Uma das seções do museu será composta pela reconstituição, em tamanho natural, de uma das ruas do bairro judaico de Varsóvia, antes da II Guerra Mundial. Nesse local, serão utilizados som, fotografias, slides e imagens em movimento para dar aos visitantes uma sensação do cotidiano de seus habitantes. A seção destinada ao Holocausto será uma espécie de caixa cercada por um muro. “Este recurso ajudará a criar um ambiente de isolamento e de perigo, além do fato de estar circunscrito em si mesmo”, disse Halbersztadt, em uma recente entrevista.
Imagens computadorizadas de documentos históricos sobre os vários shtetls, retratos e outros materiais coletados de arquivos e coleções da Polônia também terão uma seção especial. Até meados do ano passado, mais de 40 mil fotografias, pinturas, documentos e outros objetos já tinham sido localizados, escaneados e catalogados em um enorme banco de dados relacionais e poderão ser acessados com o simples clicar de um mouse.

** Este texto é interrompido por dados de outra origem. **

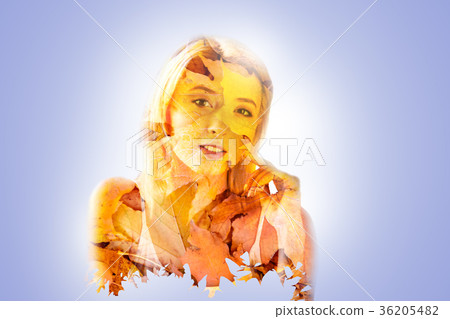 Attractive nice woman enjoying autumn Attractive nice woman enjoying autumn 36205482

Segundo estudiosos, este projeto é o passo mais significativo já dado pelas autoridades polonesas, nos últimos dez anos, no processo de reconciliação com o povo judeu. A coordenação geral do museu está a cargo dos professores Israel Gutman, ex-historiador-chefe do Yad Vashem, em Jerusalém, e do professor Felix Tych, diretor do Instituto Histórico Judaico da Polônia. O prédio abrigará 133 exposições permanentes, retratando cerca de mil anos de história.
Por que um museu voltado ao judaísmo justamente no país que abrigou a maior parte das vítimas do nazismo? Dos três milhões que viviam na Polônia, menos de meio milhão conseguiu sobreviver à máquina destruidora alemã. Até a II Guerra Mundial, cerca de 10% da população polonesa era composta de judeus, que também constituíam quase a metade da população urbana. A resposta a esta pergunta foi dada pelo embaixador polonês em Israel, Maciej Koslowski, em uma entrevista à imprensa: “Se você quer conhecer a história de seu país, não pode simplesmente eliminar parte de seu passado. Eu gostaria que meus filhos conhecessem a história judaica. A Polônia foi, durante séculos, uma sociedade multinacional na qual vários grupos étnicos viveram em rara harmonia”.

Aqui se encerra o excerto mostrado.